第87回 『Priceless』

最近はペットショップやブリーダーからではなく保護団体から犬を迎える方が増えている。とても喜ばしい事で、この流れがもっともっと広まってほしいと思っている。そしてその関連で元野犬だった犬のしつけや問題行動改善の機会に恵まれる事案も増えている。つい先日も元野犬だった犬のしつけ指導が終了したところである。三か月間日曜日を除いて毎日通い、指導させていただいた。週六日というのは異例である。理由はいくつかある。犬の心理状態がひどい事。飼い主さんが犬に引っ張られた際にこかされ骨盤を折ってしまい、身体的にも精神的にも犬を扱える状態ではなかった事。それでも最後まで責任を持って飼うという熱意に打たれた事、等である。

最初の二か月間は私と犬との1対1である。少しの物音や人の姿ですぐにパニックを起こし逃げようとする。いわゆる恐怖症である。それも強度の。強力なリーダーシップで犬をリードし、信頼関係と主従関係を作る事に努めた。初日から私の後ろを歩く事を教え、一週間程で(私がリードを持つ限りだが)パニックを起こさず歩けるようになった。それを見た飼い主さんは私のしつけ理論に全幅の信頼を置いてくれるようになり、私のアドバイスを全て守ってくれた。このような方は稀有な存在である。なかなかお目にかかれるものではない。感心する程の努力を重ねられ、今ではほぼ完璧に犬をコントロール出来るようになり、犬は常に飼い主さんの後ろを穏やかに歩けるようになった。改めて犬の問題行動改善の鍵は訓練士と飼い主の二人三脚であると再認識させていただいた。野犬として生き、不安な日々を過ごしてきた分、素晴らしい飼い主さんに出会えて本当に良かったなぁと思う。

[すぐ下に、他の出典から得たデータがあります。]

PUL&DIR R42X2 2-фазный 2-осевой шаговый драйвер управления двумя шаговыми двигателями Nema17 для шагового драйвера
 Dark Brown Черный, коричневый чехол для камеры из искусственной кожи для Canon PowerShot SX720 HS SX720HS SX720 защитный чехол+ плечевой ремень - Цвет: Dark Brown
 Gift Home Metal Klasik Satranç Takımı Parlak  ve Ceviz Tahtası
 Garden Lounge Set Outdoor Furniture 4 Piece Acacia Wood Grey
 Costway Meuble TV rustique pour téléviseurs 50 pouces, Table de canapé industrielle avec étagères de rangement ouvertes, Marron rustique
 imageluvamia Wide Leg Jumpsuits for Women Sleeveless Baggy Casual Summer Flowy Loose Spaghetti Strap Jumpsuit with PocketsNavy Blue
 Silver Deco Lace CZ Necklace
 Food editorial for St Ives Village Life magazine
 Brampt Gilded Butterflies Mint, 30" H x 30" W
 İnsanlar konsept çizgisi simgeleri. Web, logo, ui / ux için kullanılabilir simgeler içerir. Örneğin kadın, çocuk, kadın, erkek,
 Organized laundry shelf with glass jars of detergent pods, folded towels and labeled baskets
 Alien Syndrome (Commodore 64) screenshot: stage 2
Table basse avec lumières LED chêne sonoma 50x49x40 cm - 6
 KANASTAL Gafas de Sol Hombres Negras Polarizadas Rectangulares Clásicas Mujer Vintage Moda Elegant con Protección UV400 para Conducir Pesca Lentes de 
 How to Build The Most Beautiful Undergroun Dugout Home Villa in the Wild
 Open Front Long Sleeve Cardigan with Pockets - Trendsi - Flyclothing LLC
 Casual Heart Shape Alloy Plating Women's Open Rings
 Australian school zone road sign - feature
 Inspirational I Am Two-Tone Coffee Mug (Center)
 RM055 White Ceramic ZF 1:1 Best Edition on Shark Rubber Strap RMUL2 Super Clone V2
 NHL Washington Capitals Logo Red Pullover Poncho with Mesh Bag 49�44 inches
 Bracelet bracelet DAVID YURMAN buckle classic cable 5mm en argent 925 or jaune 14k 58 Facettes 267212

最終日、涙腺が緩みそうな瞳で「本当に本当にありがとうございました。」と仰られ、手には寸志の封筒を持っておられたが丁重にお断りした。それでも「いや、お願いします、受け取って下さい。」と仰られるので、「それじゃ、それはドッグフードのお金にしてあげて下さい。」と固辞した。私は既にお金以上のものを頂いている。『どんなにひどい心理状態の犬でも私のしつけ理論で解決出来る。』という証明をその飼い主さんがして下さった。それはお金では買えない財産である。

私はこの先の人生で、プライスレスな財産を一体どれ程頂けるのだろう。学ぶ心を失わず、一日一日をしっかり積み重ねていく所存である。